Его руки были перепачканы, лицо измазано краской, а возле рта прилип кусок вареного яйца. Но настроение было отличное. И в этот момент я понял: в школе все будет нормально.
* * *Вот еще одно отличие между мной и моим отцом. После того, как Пэт упал в пустой бассейн, я не мог больше видеть его велосипед. Но папа в один из бесконечных часов ожидания в больнице съездил в парк и забрал «Колокольчик».
Велосипед лежал на боку там же, где мы его оставили, — в глубоком конце бассейна, целый и невредимый, только руль немножко погнулся. Я бы с радостью выбросил его в ближайший мусорный контейнер, но отец хотел, чтобы Пэт снова на нем катался.

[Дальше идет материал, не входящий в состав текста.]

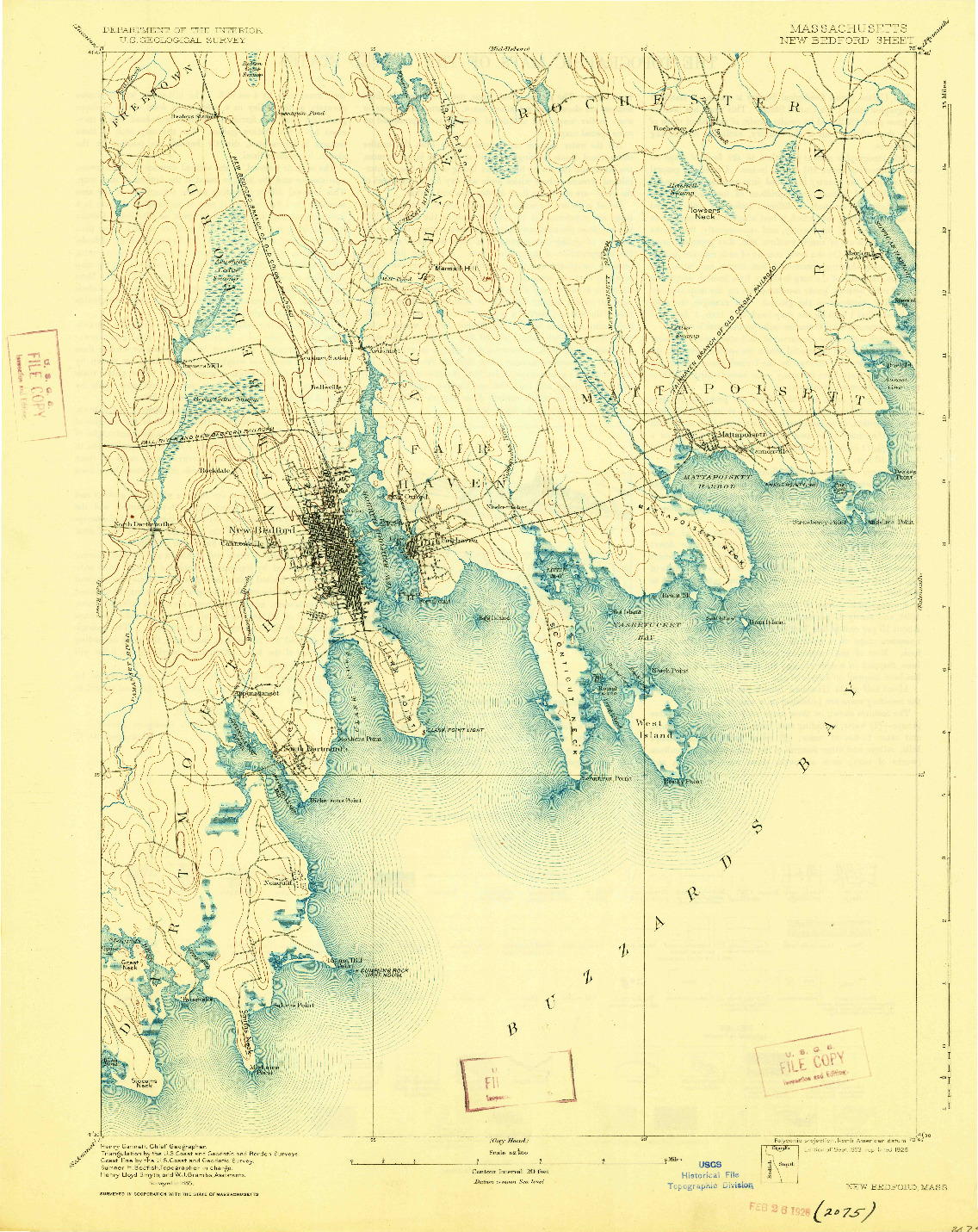 USGS 1:62500-SCALE QUADRANGLE FOR NEW BEDFORD, MA 1893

Я не стал с ним спорить: пускай Пэт сам решит.
И вот теперь, когда отец достал «Колокольчик» из багажника своей машины, мой сын очень обрадовался.
— Я выправил руль, — сказал отец. — Его нужно слегка подкрасить, и все. Это и минуты не займет. Я могу сам это сделать, если хотите.

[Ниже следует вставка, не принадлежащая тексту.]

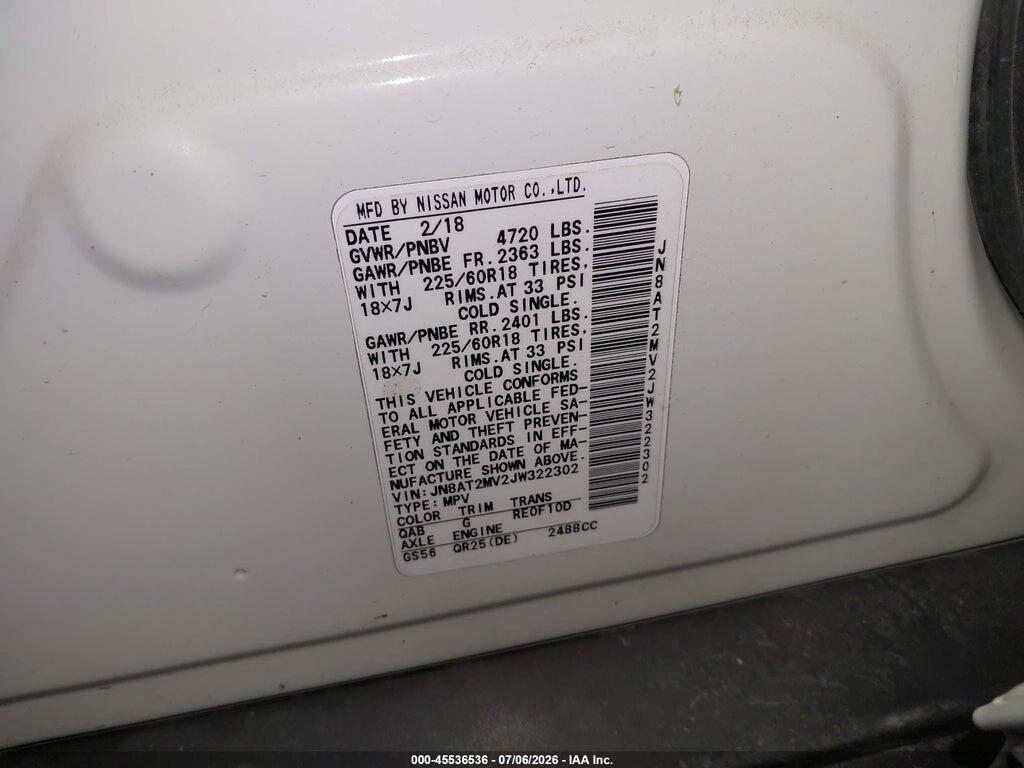 JN8AT2MV2JW322302 2018 NISSAN ROGUE photo no. 9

Отец знал, что я не брал в руки кисть с того времени, когда учился в нулевом классе.
— Я сам могу, — угрюмо ответил я. — Надевай куртку, Пэт.
Стоял сентябрь, и в воздухе чувствовался осенний холодок. Я помог Пэту надеть куртку, натянул ему на голову капюшон и увидел, что он с улыбкой глядит на свой велосипед.

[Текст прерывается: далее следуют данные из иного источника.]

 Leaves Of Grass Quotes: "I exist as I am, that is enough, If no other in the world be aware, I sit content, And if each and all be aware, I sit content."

— И вот еще что, — добавил отец, доставая из кармана куртки гаечный ключ. — Я думаю, что такому большому мальчику, как Пэт, пора самому снять с велосипеда стабилизаторы.
Вот каков был мой старик в семьдесят лет — крепкий, добрый, уверенный в себе, он улыбался внуку с бесконечной нежностью. И все же я почувствовал раздражение из-за того, что он умеет все делать своими руками, из-за его мужской состоятельности, его абсолютной уверенности, что он может прогнуть мир под себя. Он буквально все мог сделать своими руками. А меня тошнило от одного вида этого велосипеда.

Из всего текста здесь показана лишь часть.